**Task statement**
From the line containing "Peugeot 208 1.5 BlueHDi Allure Pack S&S - 9" down to the line containing "Riverside County listing", copy out the entries below exactly, both lines included, and nothing else; pictures do not belong in the copy.

++++ Data for analysis ++++

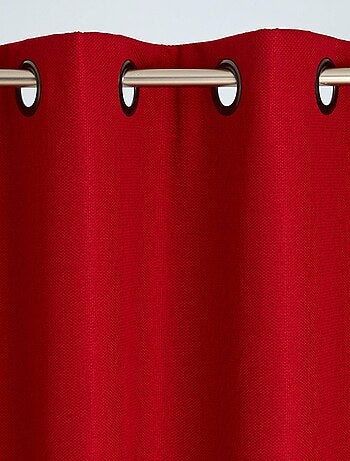 Becquet - Rideau occultant CALYPSIO en polyester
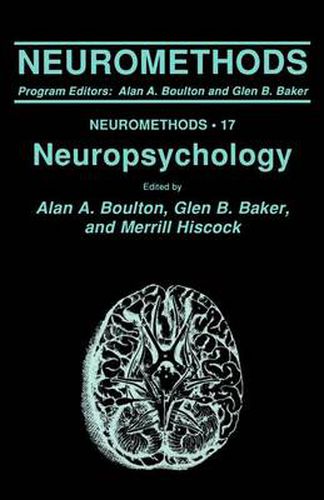 Cover image for Neuropsychology
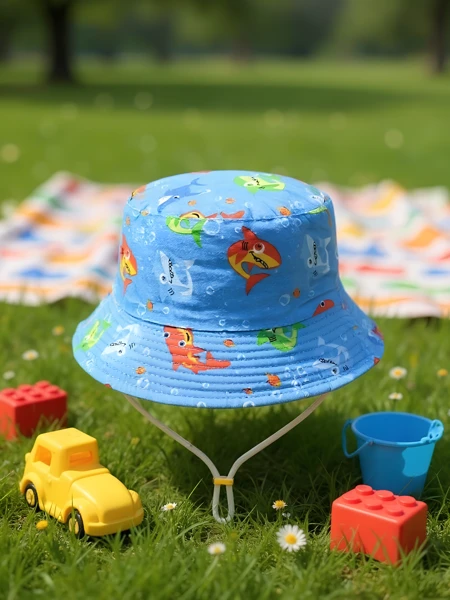 Royalfashion Children’s Bucket Hat Color Bucket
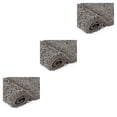 thumbnail image 1 of Ounissouiy Alfombrilla de secado rápido con absorción de agua excepcional Chenille Alfombrilla para pies de baño Entrada segura Gris profundo Type1 NO1, 1 of 6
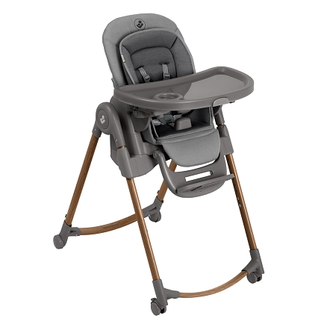 Стульчик для кормления Maxi-Cosi Minla Plus Elegance Graphite/графит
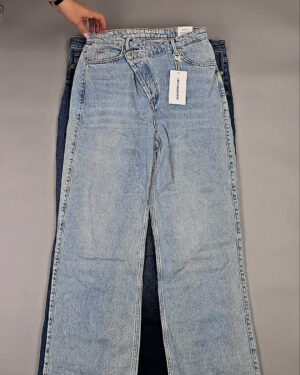Фотография  418 - Джинсы C&A ж/м#10 кг, ЛОТ СТ-9868 оптом в Саранске и Мордовии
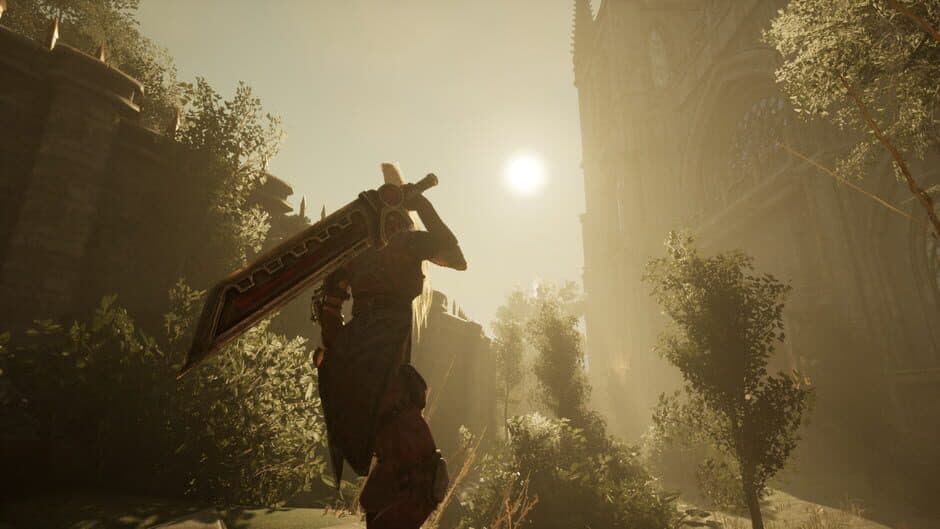 Morbid: The Lords of Ire screenshot 2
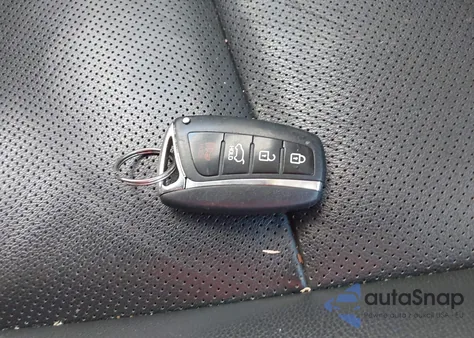 2017 Hyundai Santa Fe Limited Ultimate из США, поврежденный, VIN KM8SR4HF3HU209098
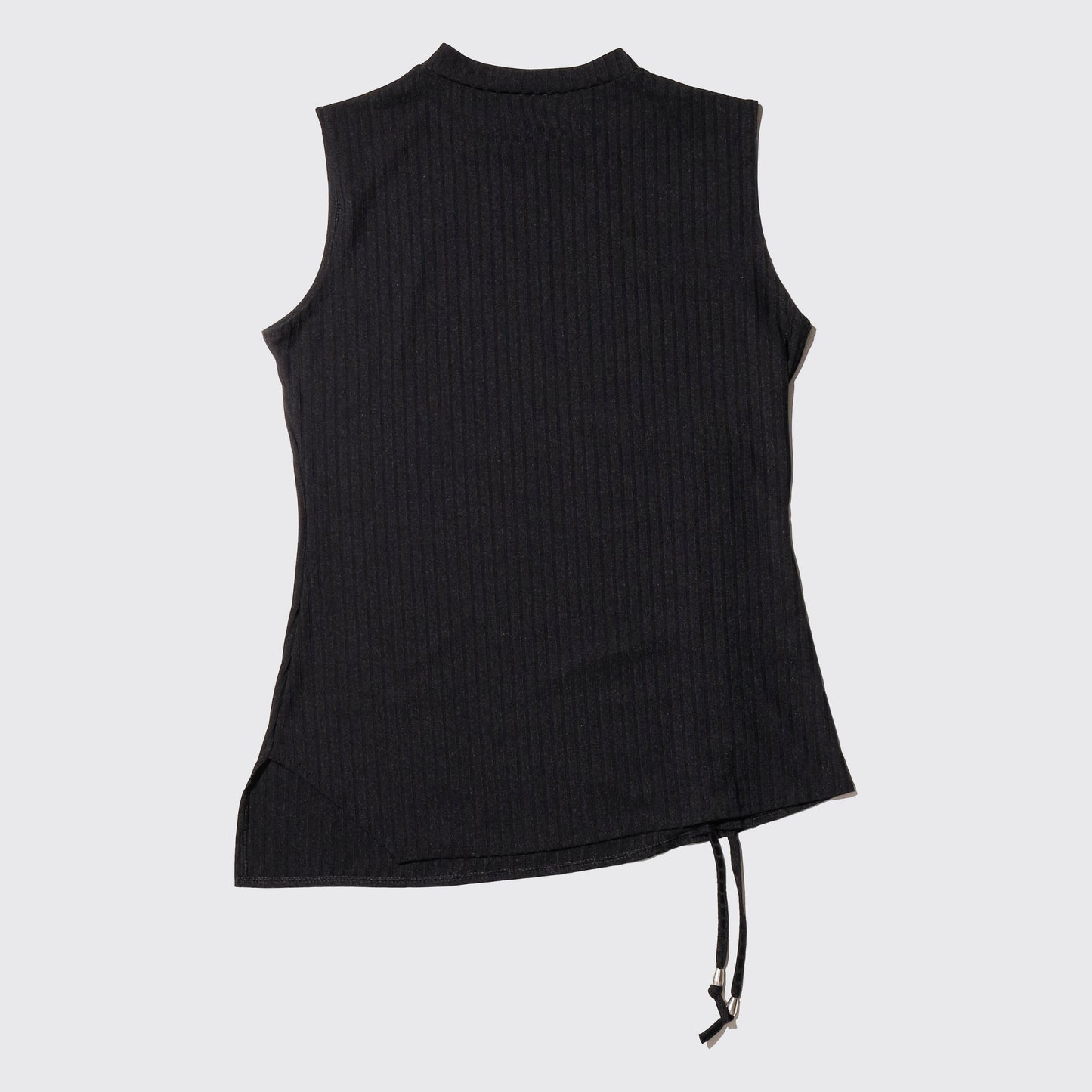 vintage gather ribbed n/s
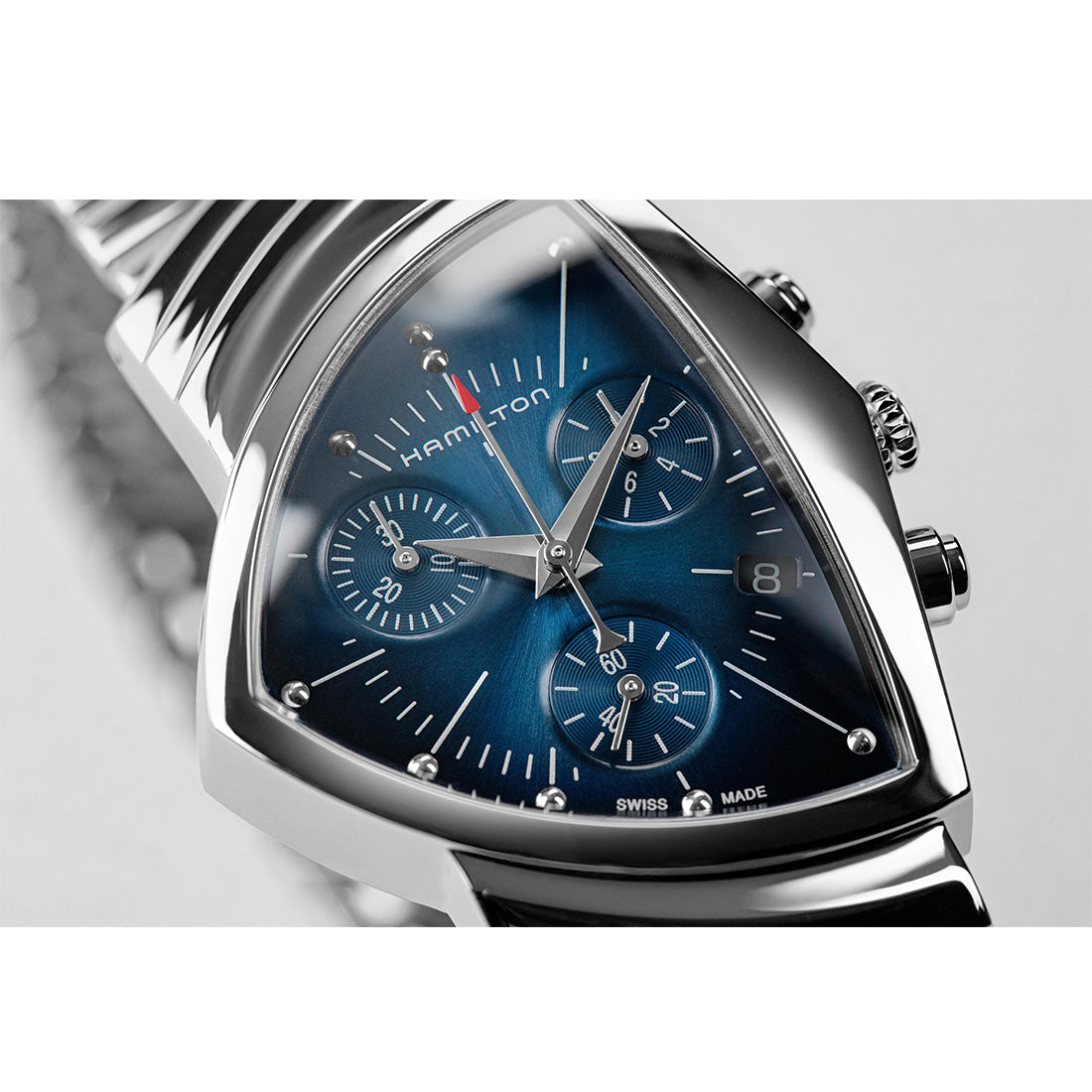 H24432141 ベンチュラ クオーツ クロノ｜ハミルトン – アイアイイスズ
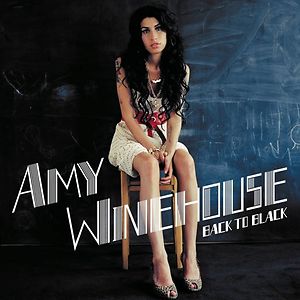 Back To Black by Amy Winehouse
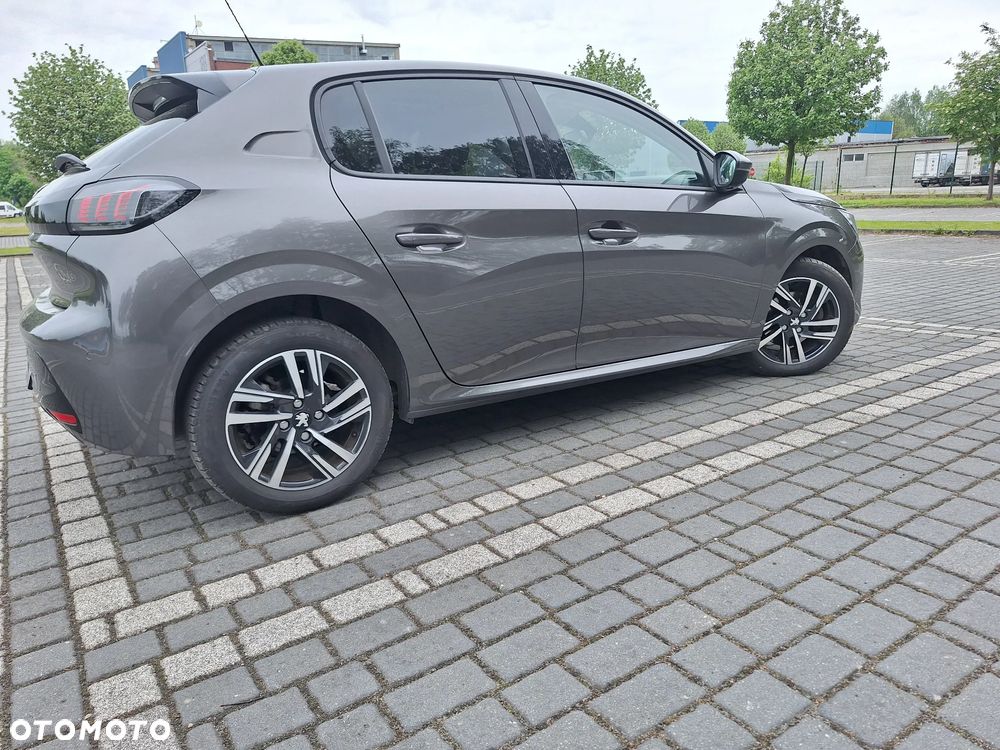 Peugeot 208 1.5 BlueHDi Allure Pack S&S - 9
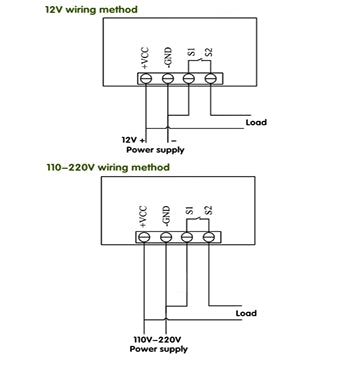 W3230 Temperature Controller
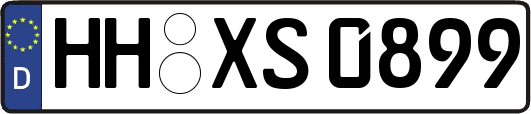 HH-XS0899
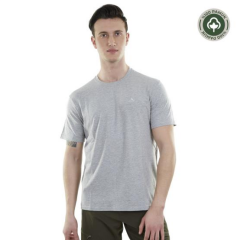 Alpinist Lucid Erkek T-Shirt,Gri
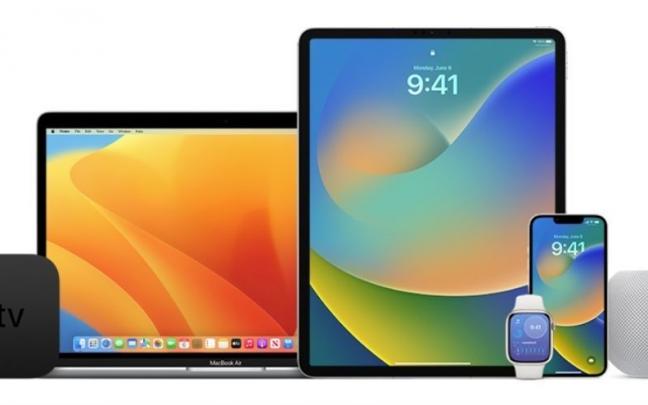 Dispositivos de la marca Apple. Dispositivos de la marca Apple.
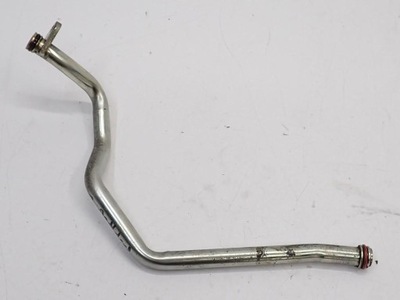 Wąż шланг трубка масла jaguar f-pace x761 2.0d 204dth 20r фото №1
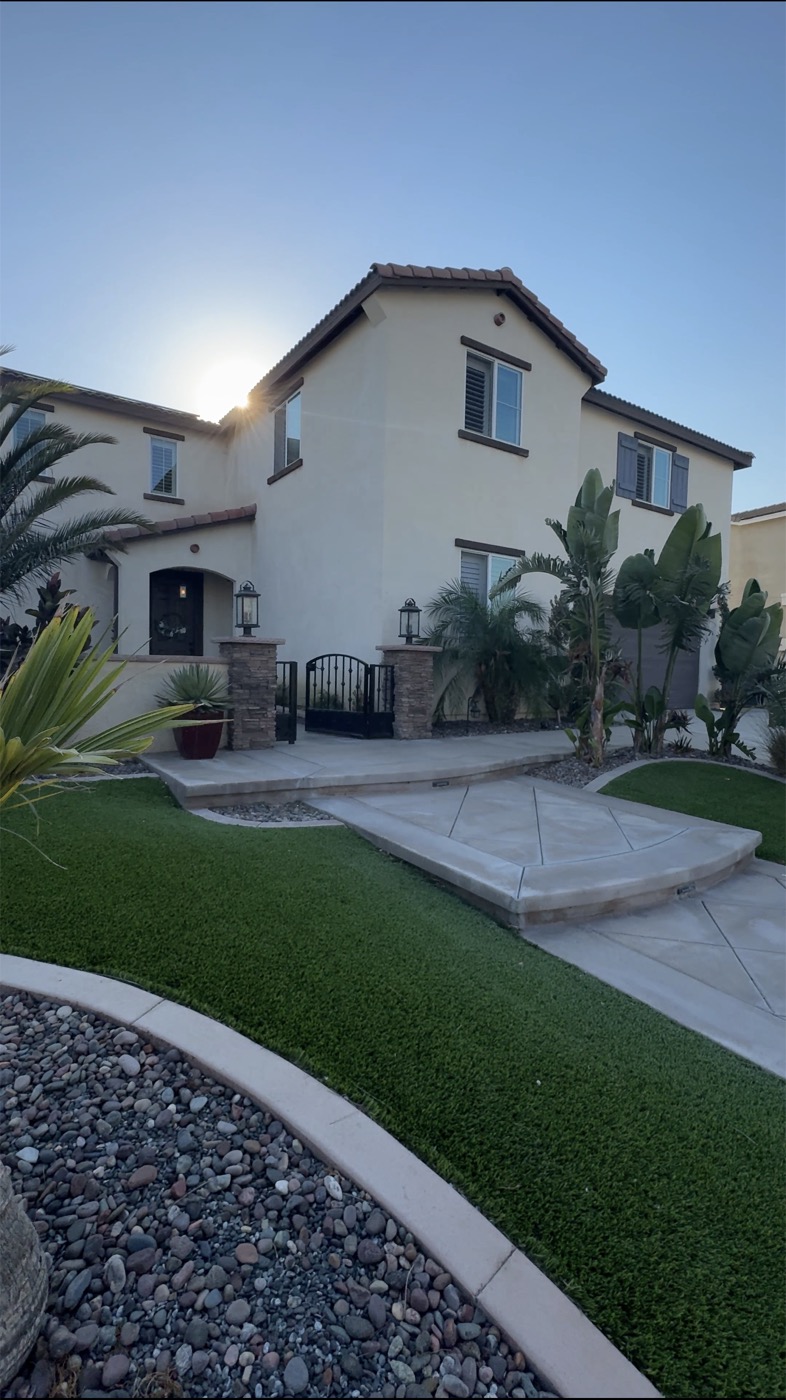 Riverside County listing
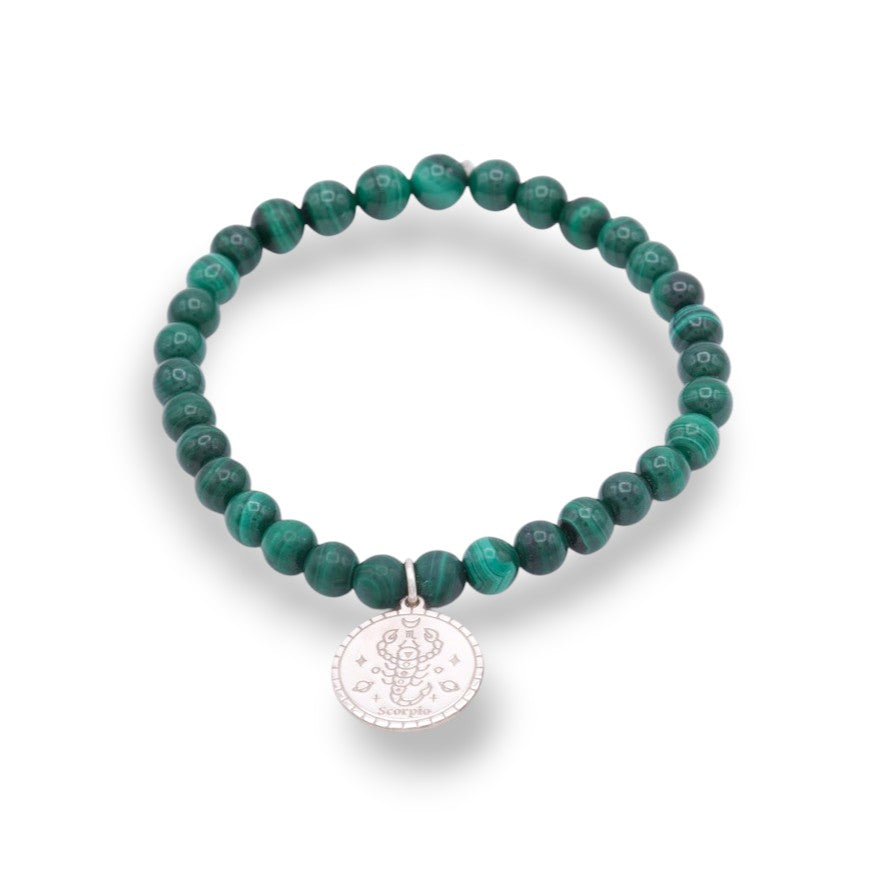 Bracciale Oroscopo - Scorpione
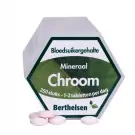 Berthelsen Chroom picolinaat 62,5 mcg 250 tabletten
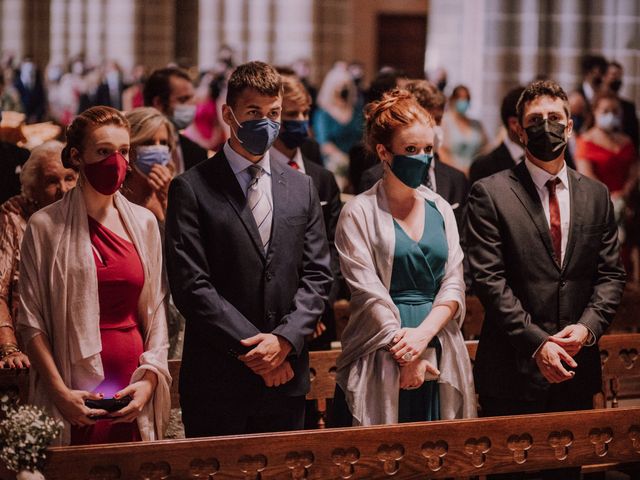 La boda de Pablo y Amaia en Pamplona, Navarra 22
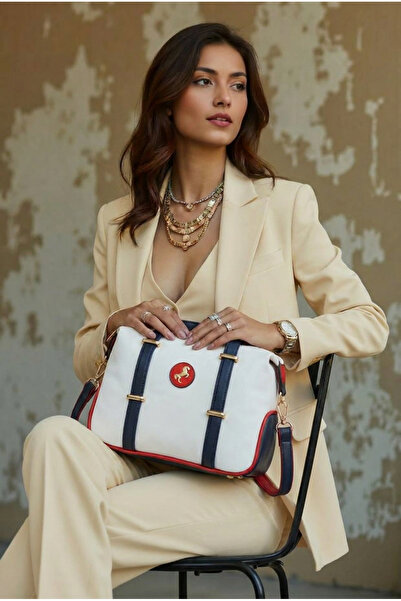 Miami Polo Club Medium Size Women's Shoulder Bag with Adjustable Strap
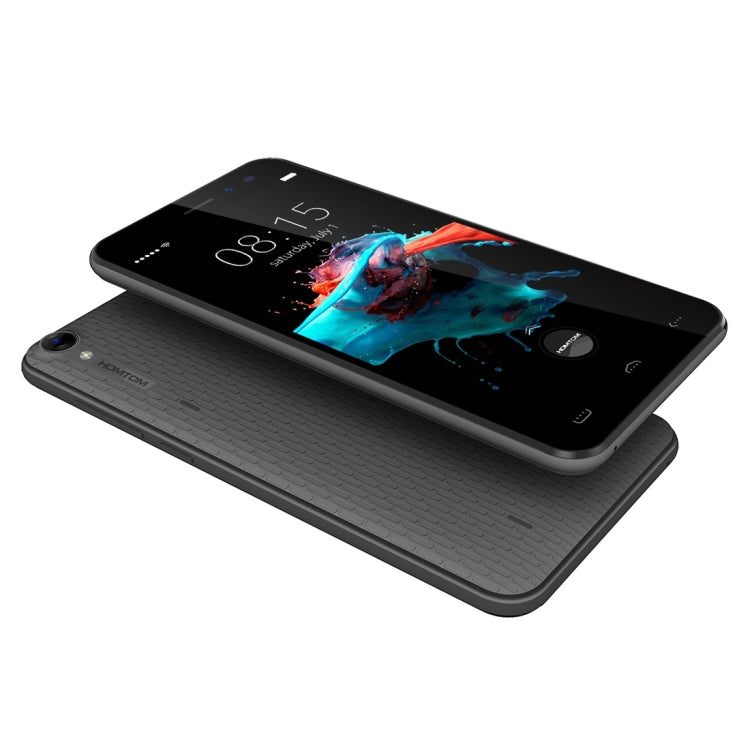 [HK Warehouse] HOMTOM HT16, 1GB+8GB, 5.0 inch Android 6.0 MTK6580 Quad Core up to 1.3GHz, Network: 3G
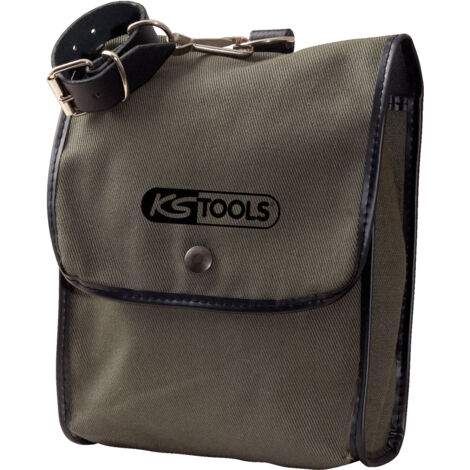 KS TOOLS Sac de transport pour gants d'électricien, 200 mm ( 117.1665 ) (1/4)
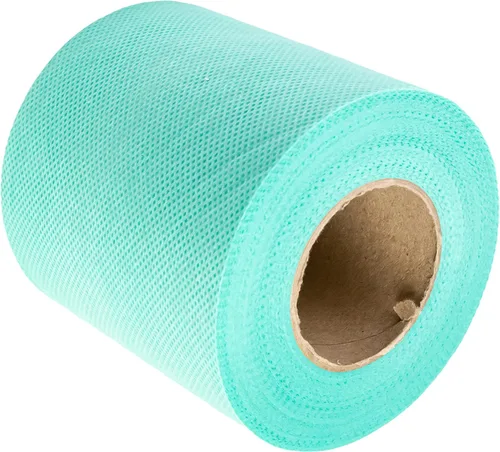 Miniatura 7 de Repa Market Hidrotape - Membrana antifractura de 4 pulgadas x 82 pies - para hidroaislamiento - Cinta de tela - Cinta de refuerzo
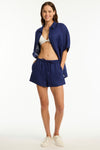 Tidal Linen Boxer Short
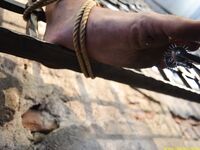 New Slave Yaroslav 2 - RusCapturedBoys - Waxing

++++

**Task output**
 Peugeot 208 1.5 BlueHDi Allure Pack S&S - 9
 W3230 Temperature Controller
 HH-XS0899
 Alpinist Lucid Erkek T-Shirt,Gri
 Dispositivos de la marca Apple. Dispositivos de la marca Apple.
 Wąż шланг трубка масла jaguar f-pace x761 2.0d 204dth 20r фото №1
 Riverside County listing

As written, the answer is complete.